One of the many aspects of that constitutional significance is as it affects the relationship between Parliament and government. As I understand it, the role of Parliament and the role of the second Chamber of Parliament—the House of Lords—in legislation is that we should present reasoned arguments and criticisms of what the Government have put forward. In response, the Government’s duty is to listen to those arguments. Where they are persuaded that those arguments are reasoned, or where they are unable to provide reasonable answers to them, they should adjust the legislation to meet those arguments.

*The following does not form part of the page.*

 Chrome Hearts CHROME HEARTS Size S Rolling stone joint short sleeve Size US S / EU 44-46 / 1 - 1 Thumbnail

The other dimension is that, as policy proceeds, the Government should be held to account by Parliament; there should be ongoing accountability as policy proceeds. Amendment 27 does not say that we want to know the details of everything; it talks about objectives. The Government are asked to tell us regularly what their objectives are. That seems entirely reasonable, particularly as the Government’s objectives remain so unclear and, in some ways, contradictory. On regulatory divergence, for example, I have listened to the noble Lord several times explaining the rationale for the regulatory divergence the Government are committed to and each time he explains it I become less and less convinced that the Government know what they want. I think that is partly because different elements of the Government and of the Conservative Party want entirely contradictory outcomes.

The question of the future security relationship also contains a number of unresolved internal differences. On future trade relations, we heard on the radio this morning someone with very close links to the Trump Administration saying that if we want good trade concessions in our future relations with the United States, we had better give something in return on Iran and our policy on the Middle East. There are many questions there that it is reasonable for Parliament to hold the Government to account over, and to ask Ministers to continue to justify.

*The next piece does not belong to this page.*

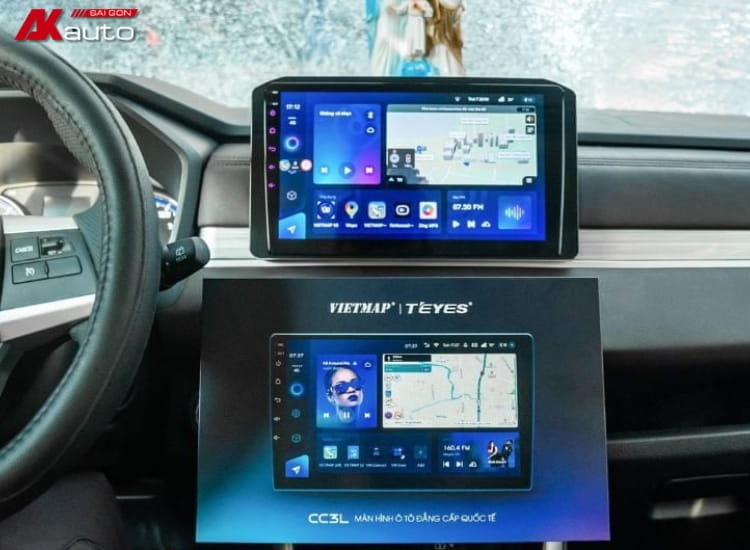 Màn hình android ô tô 10 inch T'eyes CC3L 360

The noble Baroness, Lady Noakes, in what I thought was rather an odd speech, said that we should not bother Ministers when they are in the middle of negotiations, because they will be tired and busy and we would get in the way. That seems to me, if I may say so in her absence, absurd. Parliaments are there to hold Governments to account and if the Government think they can get away without being held to account, except every five years in elections, we have moved away from constitutional and parliamentary democracy.

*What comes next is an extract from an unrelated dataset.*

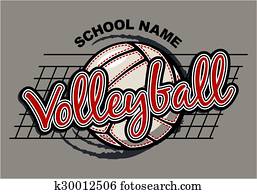 voleibol, desenho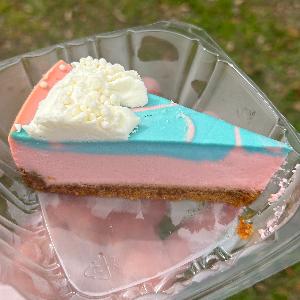 Image for Cotton Candy Cheesecake.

We heard a number of empty threats on Monday about the future of the Lords if we were to pass any amendments. There were suggestions that we were standing in the way of the people’s will and that various Members of this House perhaps represent the people against Parliament—although some of the Members of this House who put themselves forward as representing the people seem rather less popular in their backgrounds than one might otherwise expect. All I say to that is that if one faces up to the question of Lords reform—I say this as a former Minister responsible for trying to take through Lords reform—it is very difficult.

Some of us were at a meeting this morning where it was said that Lords reform and electoral reform were the two most difficult constitutional changes that anyone would wish to take through. It was implied that neither would happen in our lifetimes. That may be a bit of an exaggeration, but there is an idea that somehow, with the Express and the Mail behind the Government, threats can be made that the Lords will be abolished—and with Rebecca Long Bailey behind the Express and the Mail in threatening it. The idea that that will happen and we will all then turn quiet is out of the question. We have to do our job. We are here as a revising Chamber and it is our duty to ask the Government to revise when we are not convinced.

There is a question that all Conservatives here should ask themselves carefully as they consider how the House considers the Bill: if a non-Conservative Government were attempting to push through a Bill of this sort, which diminishes the role of Parliament in holding the Government to account, what would the Conservative response be? I think I know. I therefore strongly support this amendment and I hope the Government will recognise that, in rejecting it, they are trying to push the relationship between Parliament and Government towards the Executive and away from proper constitutional democracy.

Lord Hamilton of Epsom Portrait Lord Hamilton of Epsom (Con)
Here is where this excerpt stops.